This is a story of when the power of social media meets the desire to do good. Jeremy Cole, 32, rescues dilapated homes in Kalamazoo County. He'd post before-and-after pictures on Facebook. One day, the licensed builder shared a light-hearted video about his restoration work. Stanley Steppes, a local independent filmmaker with whom Cole attended Kalamazoo Central High School, saw it and convinced Cole to let him do a YouTube series on him. A Detroit film production company executive was "tagged," liked it, and dreamed even bigger. His firm turned it into a show for the DIY network. Now HGTV is giving "Gritty to Pretty" a trial run this fall.
Today, Jeremy Cole shares his story with Earlene McMichael on WestSouthwest, the news and public affairs show on WMUK, the NPR station based at Western Michigan University. Cole is joined by Stanley Steppes, CEO and founder of IMEEDIA in Kalamazoo, and Gary Bredow, a co-founder and executive producer of Arcadius Productions in Detroit. Arcadius is producing the HGTV pilot.
It was at age 19, as a student studying finance at Western Michigan University, that Cole purchased his first home. Since then, he said, he's bought and rehabilitated about 60 homes in the city of Kalamazoo, Kalamazoo Township and Portage, and typically sells them. He maintains 16 rental properties. However, his goal is to revive vacant and neglected homes, full-time, in an effort to address the area's affordable housing shortage, he said.

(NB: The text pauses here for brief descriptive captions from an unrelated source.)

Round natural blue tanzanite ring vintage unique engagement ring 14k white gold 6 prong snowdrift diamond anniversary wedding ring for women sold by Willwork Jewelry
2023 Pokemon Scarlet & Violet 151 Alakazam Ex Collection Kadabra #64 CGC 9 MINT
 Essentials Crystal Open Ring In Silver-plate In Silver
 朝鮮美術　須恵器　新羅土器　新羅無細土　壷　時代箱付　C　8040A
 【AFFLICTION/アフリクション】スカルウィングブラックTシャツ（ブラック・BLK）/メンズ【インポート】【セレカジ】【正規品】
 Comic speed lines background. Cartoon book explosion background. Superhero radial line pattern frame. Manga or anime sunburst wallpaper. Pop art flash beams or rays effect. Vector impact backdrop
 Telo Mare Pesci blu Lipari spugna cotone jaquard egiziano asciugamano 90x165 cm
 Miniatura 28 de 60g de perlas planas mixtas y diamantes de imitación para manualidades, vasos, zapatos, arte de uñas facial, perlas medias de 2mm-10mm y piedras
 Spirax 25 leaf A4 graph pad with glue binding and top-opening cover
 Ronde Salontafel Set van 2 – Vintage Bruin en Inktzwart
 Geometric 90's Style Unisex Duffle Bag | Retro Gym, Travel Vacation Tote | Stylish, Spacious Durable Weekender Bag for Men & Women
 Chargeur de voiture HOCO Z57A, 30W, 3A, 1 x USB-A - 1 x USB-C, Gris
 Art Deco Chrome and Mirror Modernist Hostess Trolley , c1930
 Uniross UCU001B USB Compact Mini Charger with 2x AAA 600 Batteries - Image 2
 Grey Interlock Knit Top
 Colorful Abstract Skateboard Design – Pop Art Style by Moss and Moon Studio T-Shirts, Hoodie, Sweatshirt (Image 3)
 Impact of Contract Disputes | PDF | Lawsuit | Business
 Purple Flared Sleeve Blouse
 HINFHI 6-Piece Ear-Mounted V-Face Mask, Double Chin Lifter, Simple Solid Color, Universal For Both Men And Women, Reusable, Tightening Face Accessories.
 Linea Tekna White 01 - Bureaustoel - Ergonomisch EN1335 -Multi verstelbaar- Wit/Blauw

Cole's mission to transform "the worst of the worst" homes to "the best on the block" was first put to film in October 2016 when Stanley Steppes began taping the YouTube series featuring Cole called "REO-Life." About six episodes were made. Steppes posted the series on Facebook, tagging a number of people on his FB Friends' List, including Arcadius' Gary Bredow.
Bredow said he didn't watch it right away. When he couldn't sleep one night, he clicked on the link. He said he was "sucked in" by Cole's "electric" personality, integrity, knowledge of his craft, and sincere passion for turning around neighborhoods, adding that he had charisma and that intangible "it" factor.
Bredow contacted Steppes.
"How quickly can you get Jeremy into the studios, so we can put him on tape and try to do something?" Bredow recalled telling him.
Arcadius Productions then got the DIY network interested in "Gritty to Pretty" (the new name the network gave the show), and a few episodes aired in February of this year. Ratings were good. From there, Bredow said, HGTV decided to pilot two episodes this fall. (Both DIY and HGTV share the same parent company, Scripps Networks Interactive.)
One episode will be of a renovation underway in Kalamazoo's Edison neighborhood. The other is to be a rebroadcast of one of the DIY installments. If the pilot performs well, production will continue for more episodes, according to Bredow.
Bredow said HGTV has not yet announced an air date.